About this exercise: Would you copy exactly the lines in the data below from the one that has "201 James River" through the one that has "Used 2018 Honda Accord Sport image 6", dropping any pictures?
##### Exercise data
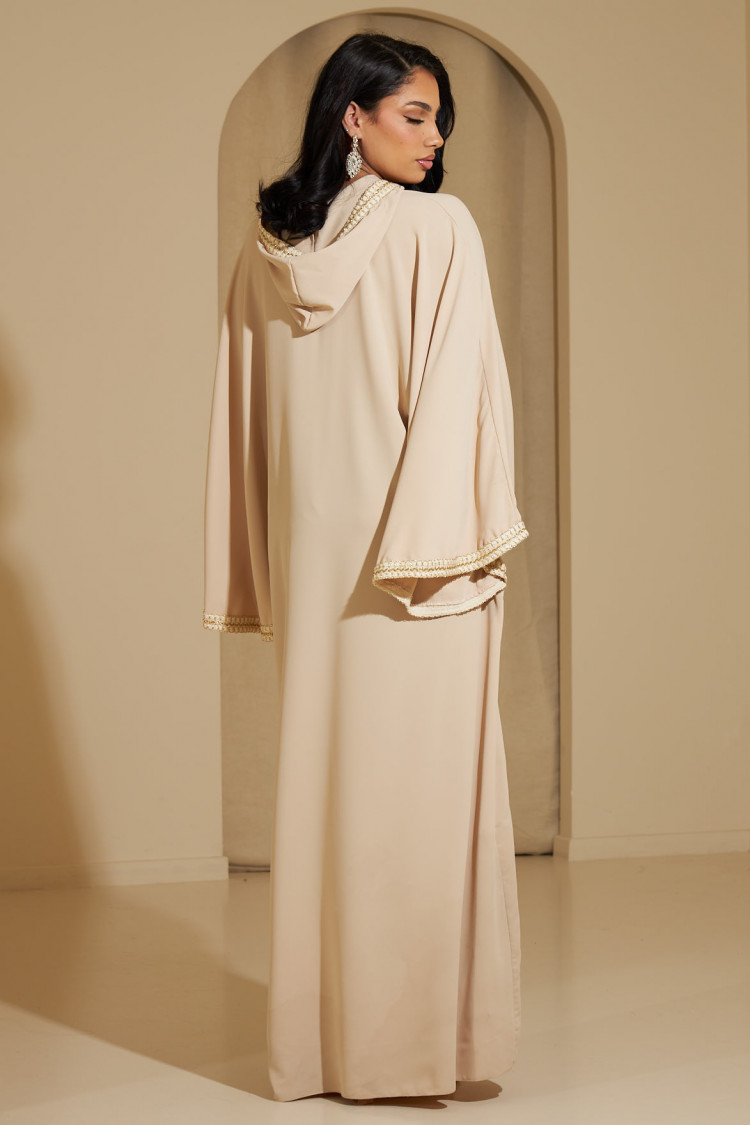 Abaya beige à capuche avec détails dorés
##########
##### Exercise data
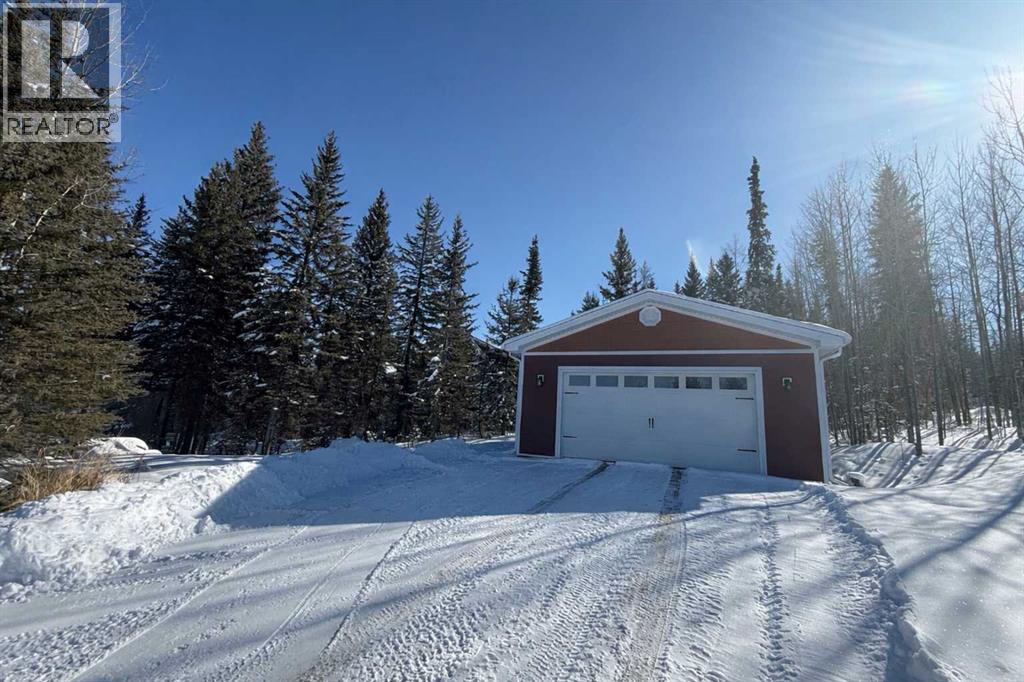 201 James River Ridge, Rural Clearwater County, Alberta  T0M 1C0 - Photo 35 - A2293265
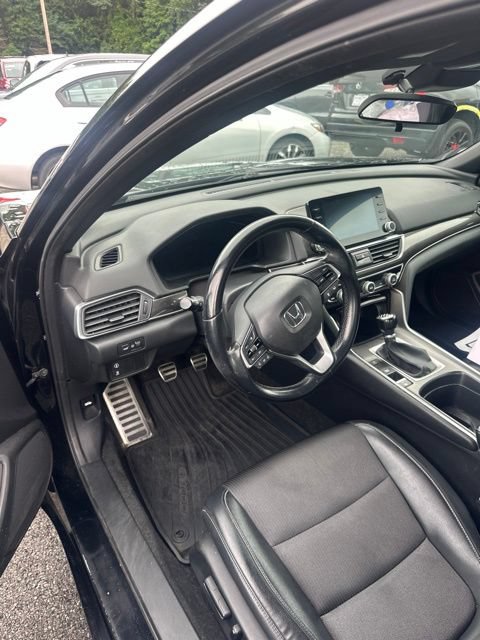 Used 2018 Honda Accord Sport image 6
##########
Task output:
 201 James River Ridge, Rural Clearwater County, Alberta  T0M 1C0 - Photo 35 - A2293265
 Used 2018 Honda Accord Sport image 6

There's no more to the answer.